Trois ans plus tard, les deux femmes partagent la même maison. Samira a ses appartements à l'étage, la jeune épouse au rez-de-chaussée. " Elle est comme une fille pour moi, et son fils, comme un frère pour mes enfants ", dit Samira, assurant que cette coexistence se passe dans la plus grande harmonie.

" L'islam permet aux hommes d'avoir jusqu'à quatre épouses et je ne pouvais pas empêcher mon mari de réaliser son désir ", dit Samira. De toute façon, selon elle, mieux vaut que l'homme soit lié officiellement à sa nouvelle femme, plutôt que de la jeter à la rue avec un enfant illégitime.

Pour Samira, il est naturel qu'un homme désire plus d'une femme à la fois et l'islam " constitue la meilleure manière de régler ce problème ".

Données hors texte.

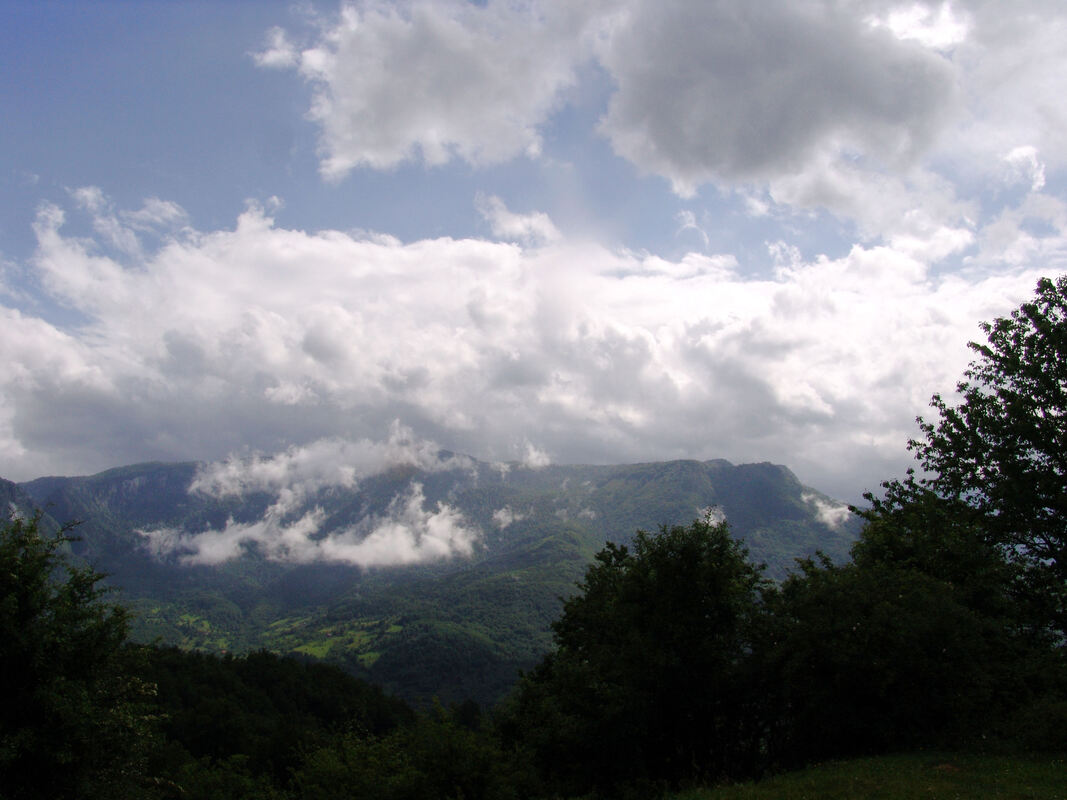 Pogled prema Vučevu iz doline rijeke Drine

Mais pour que la polygamie fonctionne bien, il y a des règles à respecter. " Le mari ne peut pas favoriser une épouse au détriment de l'autre. Il doit être juste. S'il dort une nuit avec l'une, il doit dormir l'autre nuit avec l'autre. Et il doit veiller équitablement à notre bien-être matériel. "

En ce moment, cette exigence d'équité ne pose pas trop de problèmes: le mari de Samira dort tout seul dans la cellule de la prison israélienne où il est incarcéré depuis plusieurs mois.

 Depuis sa prison, Mohammed peut suivre les séances du conseil législatif à la télévision et voir sa femme évoluer dans son nouveau milieu de travail. Samira est l'une des six femmes élues sous la bannière du Hamas aux législatives de janvier. Et l'une des 17 femmes dans une assemblée de 132 élus.

Même si elle est autorisée, la polygamie demeure peu populaire chez les Palestiniens, ne serait-ce que pour des raisons financières. À peine trois des nouveaux élus du Hamas ont plus d'une épouse.

Mais ce phénomène est aussi loin de faire l'unanimité. Le 8 mars dernier, des féministes palestiniennes avaient manifesté contre cette pratique encouragée par le Hamas.

Samira Halayka était scandalisée. " Ces féministes contestent l'une des doctrines fondamentales de l'islam. Elles ne se soucient pas de la protection de la deuxième femme ", dit-elle, ajoutant qu'il est dans la nature d'une femme de se sacrifier pour son mari.

Ne voudrait-elle pas elle-même multiplier les conjoints? " L'islam ne le permet pas, mais je peux divorcer et épouser un nouvel homme. "

Mais pour l'instant, son principal souci, c'est que son mari soit libéré. "Je serais honorée de pouvoir cirer ses chaussures ", clame-t-elle.

En fait, Samira aime tant son mari qu'elle est prête à le partager une fois de plus. " Si vous voulez l'épouser, ça me ferait plaisir de le partager avec vous. Regardez comme il est beau , dit-elle en brandissant le médaillon qu'elle porte accroché au cou.